The first part of the course covers basic building blocks such as essential cloud services for web applications, cloud programming, virtualization, containers, kubernetes and micro-services. We shall learn these concepts by using and extending capabilities available in real clouds such as Amazon AWS, Google Cloud.

The second part of the course will focus on the various stacks used in building an extremely large scale system such as (i) Kafka for event logging and handing, (ii) Spark and Spark streaming for large scale compute, (iii) Elastic Search for extremely fast indexing and search, (iv) various noSQL database services such as DynamoDB, Cassandra, (v) cloud native with kubernets, (vi) cloud platforms for Machine Learning and Deep Learning based applications.
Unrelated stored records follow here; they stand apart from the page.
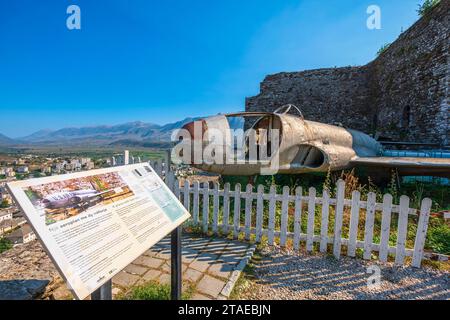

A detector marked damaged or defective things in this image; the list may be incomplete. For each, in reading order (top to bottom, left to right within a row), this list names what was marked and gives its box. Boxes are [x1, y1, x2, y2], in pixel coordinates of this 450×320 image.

rusted military jet [178, 105, 450, 178] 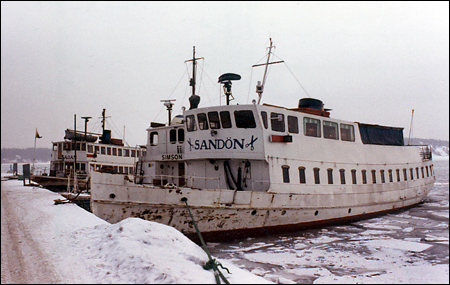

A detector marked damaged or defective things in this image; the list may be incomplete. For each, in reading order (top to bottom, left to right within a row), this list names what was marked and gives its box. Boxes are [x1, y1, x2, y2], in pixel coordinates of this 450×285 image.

rusted hull [90, 171, 432, 242] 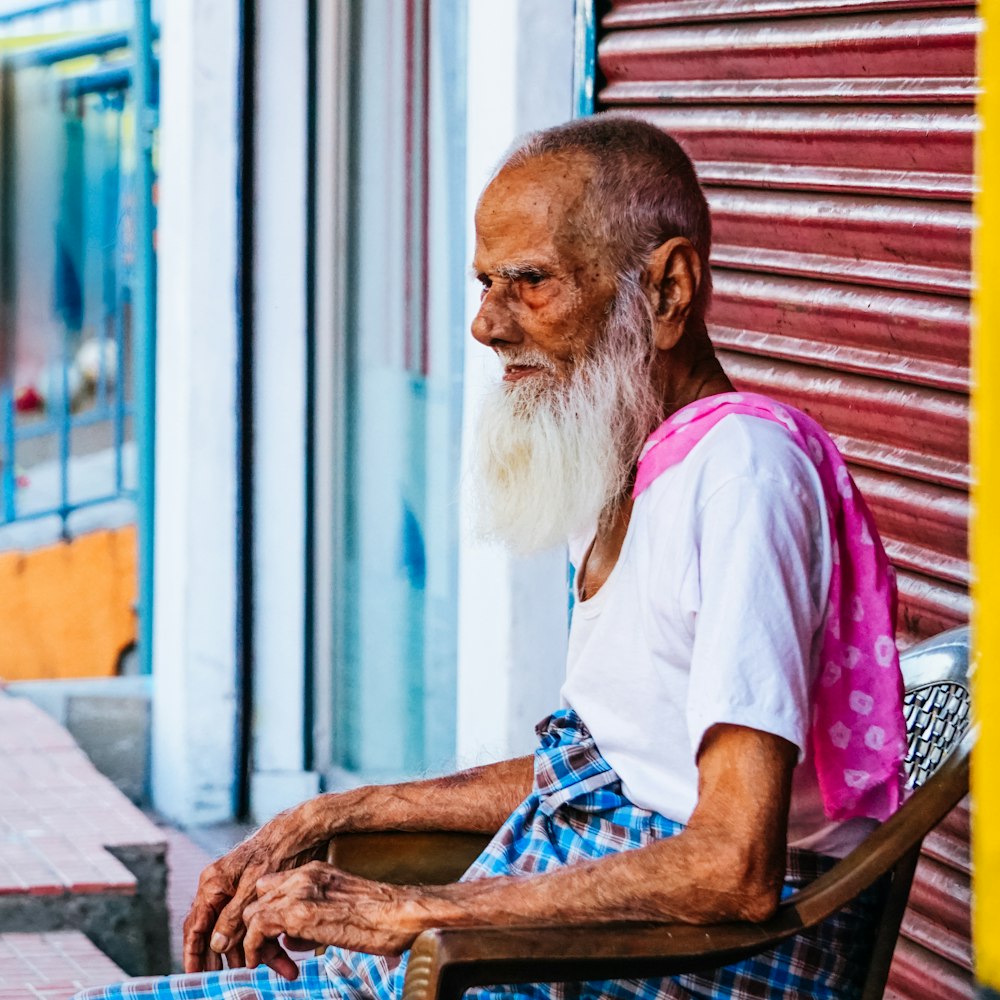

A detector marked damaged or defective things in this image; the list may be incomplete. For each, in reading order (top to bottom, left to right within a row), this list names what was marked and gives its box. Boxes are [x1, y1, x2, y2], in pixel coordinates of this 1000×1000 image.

rusty shutter [596, 1, 972, 992]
Several real world applications will be covered to illustrate these concepts and research innovations.

Students are expected to participate in class discussions, read research papers, work on three programming assignments, and conduct a significant course project. Given that this is a very hands-on course, it is expected that students have decent programming background.

Prerequisite: Good programming experience in any language, Concepts of Web Applications and Systems

Reading Material: Lecture Notes, Reading Papers, Reference Text Books, Lot of Engineering Docs

Grading: 3 Programming Assignments (35%), 2 Quizzes (25%), Project (40%)

 


COMS 6998.14 EMPIRICAL METHODS DATA SC | Levine, Michelle

Empirical Methods of Data Science is a seminar for students seeking an in depth understanding of how to conduct empirical research in computer science. In the first part of the seminar, we will discuss how to critically examine previous research, build and test hypotheses, and collect data in the most ethical and robust manner. As we explore different means of data collection, we will dive into ethical concerns in research. Next, we will explore how to most effectively analyze different data sets and how to present the data in engaging and exciting ways. In the last part of the seminar, we will hear from different researchers on the methods they use to conduct research, lending to further conversations and in class debates about when and how to use particular research methods. The focus will be primarily on relatively small data sets but we will also address big data.

 

 

COMS 6998.15 ALGEBRAIC TECHNIQUES IN CS | Joshua H Alman

course website
Algebraic techniques have been used in nearly every area of computer science. This course will develop some of these techniques and explore a broad range of applications. We will mostly see applications to algorithm design and complexity theory, but we will touch on applications to other areas as well. The course will focus on four main topics:

Algebraic graph algorithms. The fastest known algorithms for several important graph problems use algebraic tools. Often, the graph problem appears (at first glance) to have nothing to do with algebra, and algorithm designers have found surprising algebraic connections.

The polynomial method. If one can capture a computational task using a simple polynomial, then fast algorithms for manipulating polynomials can often be used to solve the problem more efficiently. In contrast, if one can show that a task cannot be captured by simple polynomials, this can often be used to prove complexity-theoretic lower bounds.

Matrix rigidity. Some of the most important and applicable algorithms are for computing linear transforms such as Fourier transforms. Matrix rigidity is a powerful but poorly understood tool for understanding their complexity. A matrix is called rigid if it cannot be decomposed as the sum of a low-rank matrix and a sparse matrix. It remains an open problem to prove that any explicit family of matrices is rigid.

Matrix multiplication algorithms. Matrix multiplication is prevalent in computational science and is known to be equivalent to many other computational problems in linear algebra. We will see how fast matrix multiplication algorithms are designed, including some recent developments.
Evaluation will be primarily based on a final project. I will provide a list of suggestions for the project, but students are encouraged to relate their project to their interests. There will also be occasional (at most 4) homework assignments, and students will be asked to scribe a lecture.